Ella beneficia dello stesso fuoco ed ardore ‘solare e guerriero’ che contraddistingue Elia Profeta; ed è oltretutto per questo che il martirio da lei vissuto si è costituito quale suo vero e proprio ‘battesimo di fuoco’: in senso esteriore ed interiore.

Daria, specularmente all’elfica Arwen-Stella del Vespro, ha peraltro superato la mortalità per conformare la propria essenza con l’immortalità, entro le cui sfere oggi e sempre lei splende solarmente quale Aurora del Soggetto Radicale.

Amen.

Questo articolo è stato pubblicato nel seguente blog:

www.geopolitika.ru/it/article/  (20.08.23)

e sui seguenti canali Telegram:

Idee&Azione  (20.08.23)

Alexander Dugin / Z   (20.08.23)

NOTE

[1] Con Dasein (ted. = esser-ci), Heidegger introduce quel termine tecnico su cui fonda il proprio pensiero ‘esistenzialista’, mirante al recupero dell’essere dopo averlo liberato dall’oblio in cui è caduto a causa dell’ente.

[2] Tale è l’ente.

[3] Tale è l’essere.

[4] Cfr. A.DUGIN, Il Sole di mezzanotte. Aurora del Soggetto Radicale, AGA Editrice, Cusano Milanino 2019, p. 21 sgg.

[5] Ibidem.

[6] L’episodio dell’Odissea in cui Ulisse si lega all’albero maestro della sua nave (simbolo dell’axis mundi), per sfuggire al canto delle sirene, ne è un simbolico e poetico esempio.

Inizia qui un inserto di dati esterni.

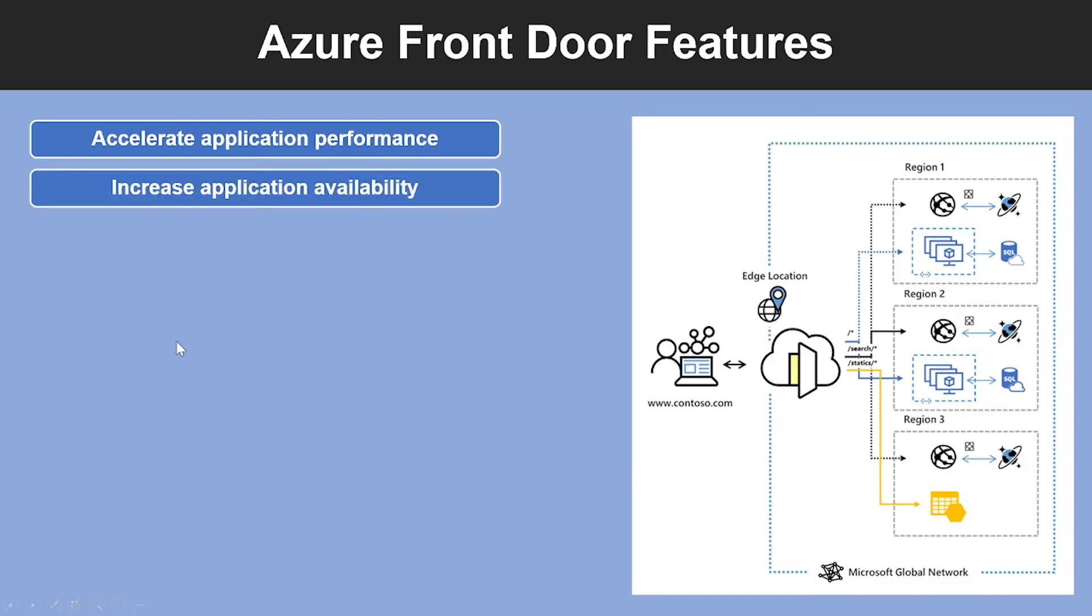Second is Increase Application Availability with Smart Health Probes. The Front Door delivers high availability for your critical applications using its smart health probes, monitoring your backends for both latency and availability and providing instant automatic failover when a backend goes down.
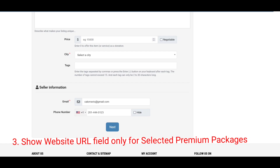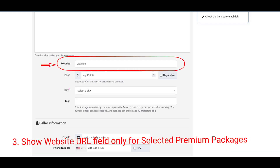This next feature will come in handy for those who want to offer more to their premium users — for instance, the ability to show a website field for only certain premium packages. If a user lists under a particular premium package or premium packages, they'll be able to add their website URL.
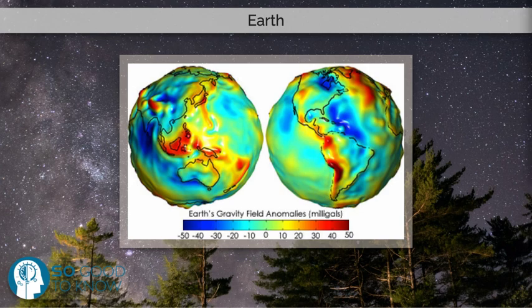Humans increasingly impact Earth's hydrology, atmospheric processes and other life. Earth's atmosphere consists mostly of nitrogen and oxygen.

[7] ἥρως era, in origine, ϝηρως (veros); successivamente, la prima consonante verrà aspirata. Infatti, andando ancora più a ritroso, troviamo il sanscrito vir-a = eroe, forte da cui anche il latino vir = uomo vigoroso.

E’ emblematico che, in origine, il termine si pronunciasse ‘veros’, in quanto ciò lo pone in relazione con la latina ‘veritas’. Ben sappiamo infatti che, seguendo la lezione di Heidegger, la parola con cui si traduce in greco ‘verità’, ἀλήθεια, esprime il luogo dello ‘svelamento’ dell’essere, dacché significa «non nascondimento», essendo essa composta da alfa privativo (α) più λέθος. La ‘verità’ così intesa va quindi a coincidere esattamente col punto di passaggio tra immanifesto e manifesto.

[8] Cfr. DANTE, Paradiso, XXXIII, v. 145.

[9] Sulla nobiltà quale attributo esclusivo di Dio, estensibile alle creature solo in quanto queste possono venire assimilate, in misura diversa, a Dio stesso, cfr. “Quod per se habet esse, nobilius est eo quod habet esse in alio” (S. Tommaso. Cont. Gent. 1254); “gradus nobilitatis et vilitatis in omnibus entibus attenditur secundum propinquitatem et distantiam a Deo, qui est in fine nobilitatis” (I 593): criterio di una gerarchia perfetta fra le cose.

[10] J.R.R. TOLKIEN, Il Signore degli Anelli, Rusconi Libri, Milano 1977, p. 1162.

[11] Idem, p.1268.

[12] Abbiamo già presentato alcune osservazioni di carattere simbolico-calenDariale, legate al giorno della morte di Daria, nello scritto Daria Dugina: dies Natalis edescatologia, pubblicato sui siti:

www.ideeazione.com e www.reginaequitum.it.